Chi vi scrive ha tentato di analizzare il testo in senso metaforico e letterale, e non ha trovato nulla di strano, distorto e incoerente con la poetica gentile e romantica che l'autore ha portato avanti per lunghissimo tempo. Possiamo quindi dire che verso questo disco vi sia autentico livore e accanimento, un po' voluto, un po' casuale, forse. Il 1978 è un anno fondamentale per la musica pop. Elvis Presley era morto da pochi mesi, nello stesso tempo c'era stata la prima ondata punk rock che si era abbattuta sugli States, come era già avvenuto più di dieci anni prima con la British Invasion. Non solo, era il momento di altri cantautori che più o meno si ispiravano dichiaratamente a Bob Dylan con l'intenzione di detronizzarlo dalla propria leadership. Erano emersi autori come Tom Waits, Bob Seger, Patti Smith, Tom Petty e ancora di più, erano gli anni di massimo splendore di Bruce Springsteen

Il cantautore del New Jersey durante i suoi esordi era stato più volte accostato e paragonato a Dylan, ma adesso stava accadendo qualcosa di diverso. Complice l'utilizzo del sax, con interventi a opera di Steve Douglas, il sound di Street-Legal era stato accostato a quello di Springsteen e del suo fedele sassofonista, Clarence Clemons. In effetti prima di allora Dylan non aveva mai pubblicato un disco con la presenza fissa di un sassofono. Questo è un fatto insindacabile. Tuttavia l'utilizzo di fiati e ottoni aveva caratterizzato alcune prove precedenti come quella di Blonde on Blonde e di Self Portrait. 

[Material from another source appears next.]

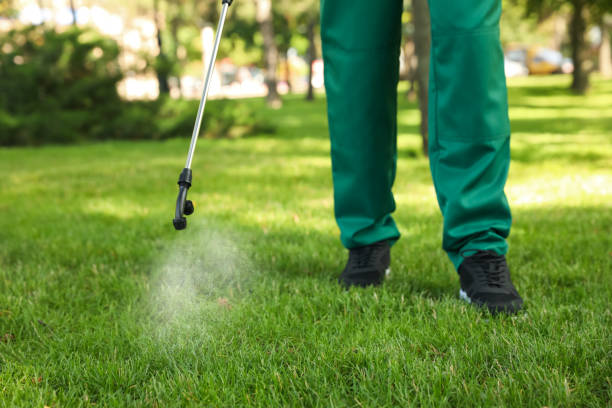 Best Commercial Pest Control Services  in Delano, MN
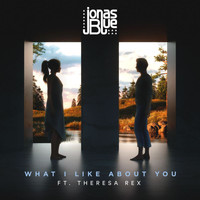 Jonas Blue - What I Like About You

Oggi abbiamo scoperto che una sezione fiati era stata utilizzata anche per New Morning del 1970, poi messa da parte a favore di una soluzione più essenziale degli arrangiamenti. Però l'analogia tra il sound di Bruce Springsteen e quello di Street-Legal si interrompe qui. Non serve un professore di musica, né un sassofonista per notare che la struttura dei brani, l'uso del sax e altro ancora non ha punti di contatto tra Dylan e Springsteen, specialmente perché quel genere di suono e di stile non è stato creato nel New Jersey, ma deve la propria origine a cose arrivate ben prima della pubblicazione di Greetings from Asbury Park, NJ del 1973. Poco prima c'erano state le intuizioni di altri artisti come Rolling Stones, ma soprattutto come Van Morrison.

Morrison infatti ispirandosi al sound di artisti black aveva preso a piene mani dalle etichette Atlantic e Stax, ispirandosi ad alcuni leggendari performer e a sezioni fiati che valorizzavano il sound del sassofono, unito a quello del pianoforte e dell'organo Hammond B3. Tutta questa digressione mi è utile per dire che il suono che stava cercando di ottenere Dylan da questo album virava verso la black music. Non era ancora arrivato però il tempo di fare un'inversione di marcia e puntare dritti ai Muscle Shoals Sound Studio di Sheffield, Alabama. 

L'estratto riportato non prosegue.